フランス語はほとんどの皆さんが大学に入って初めて学ぶ言語です。中学・高校で学んできた英語とはまた違ったヨーロッパ世界の言語を窓口としてより広い世界に触れていただきたいと思っています。
今日、日本の中でもフランスに関する情報は増えてきました。文学や映画、ファッションやグルメのみならず、最近ではサッカー、あるいはサルコジ大統領のメディアでのさまざまな発言でフランスを知る機会があった人もいるのではないでしょうか。
こうしたサッカーの選手たちや、また、ハンガリー系移民2世であるサルコジ大統領を見ても分かるように、フランスは純粋なフランス出身者だけによって作られている国ではありません。旧植民地であった北アフリカ(マグレブ)からの移民を多く抱えるフランスは、アフリカとも非常に近い世界です。イスラム教の問題、アフリカの貧困の問題といった問題はフランス社会と密接な関連をもち、フランスのニュースを読めば、アフリカが随分と近いことに驚かされると思います。多くのアフリカの人たちがフランス語を話しながらフランスという国に住み、そうした人たちを含んだ社会が現在のフランスの社会を形作っています。また、フランスの作家や思想家、映画人、芸術家といわれる人の中でフランス人ではない人たちが数多くいます。フランスの血がフランスを作るのではなくではなく、フランスという国に住んで、フランス語で表現する人たちがフランスを作ってきました。その中には今述べたアフリカだけではなく、東欧や、ヴェトナムやハイチ出身の人たちもいます。
もちろん、フランスの中にこうした「他者」を排斥しようとする動きがあります。選挙で、移民排斥を掲げる右翼が大幅に得票を伸ばしたこともありました。フランスもまた失業問題や犯罪等多くの国内問題を抱え、その中で、外の人を憎しみの対象とする動きは常に起こっています。

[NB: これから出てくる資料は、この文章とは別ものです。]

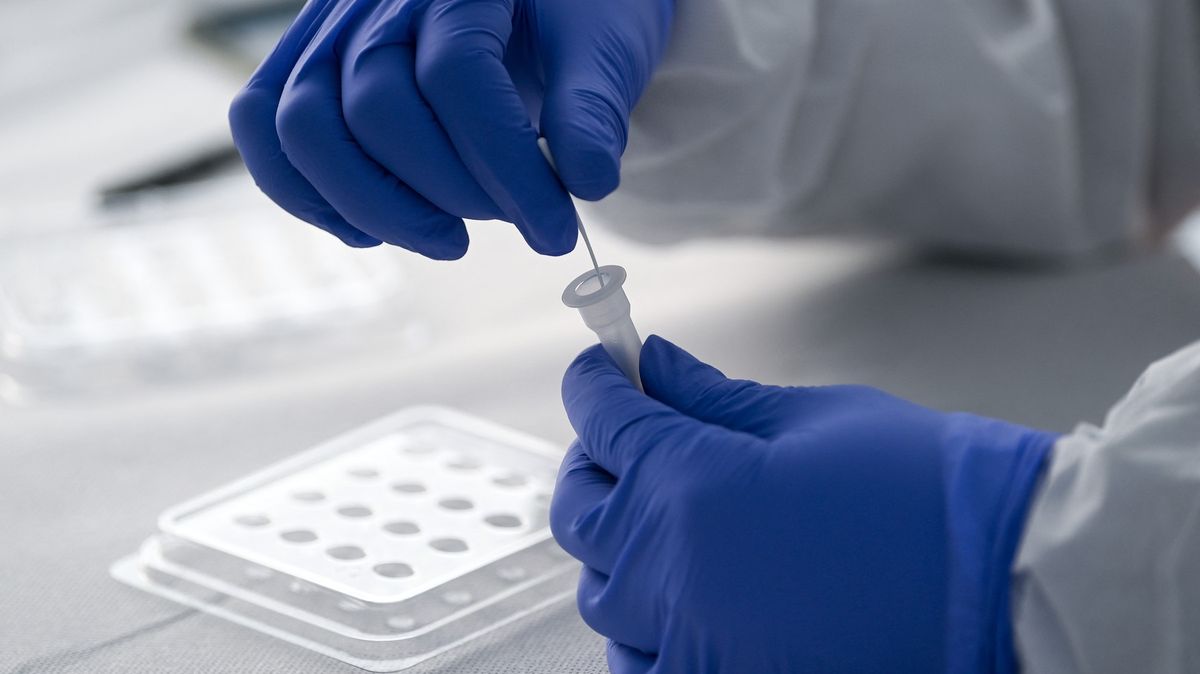 V Brazílii objevili novou mutaci. PCR testy ji ale neodhalí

フランスも決して理想の国ではありません。しかしそうした困難を抱えながらも、多くの歴史的経験を参照しながら、今、EU統合の中でフランスは自らの進むべき道を模索しています。フランス語を学ぶことで、こうした現代世界のさまざまな困難な問題を知り、自らの関心領域を広げていっていただきたいと思います。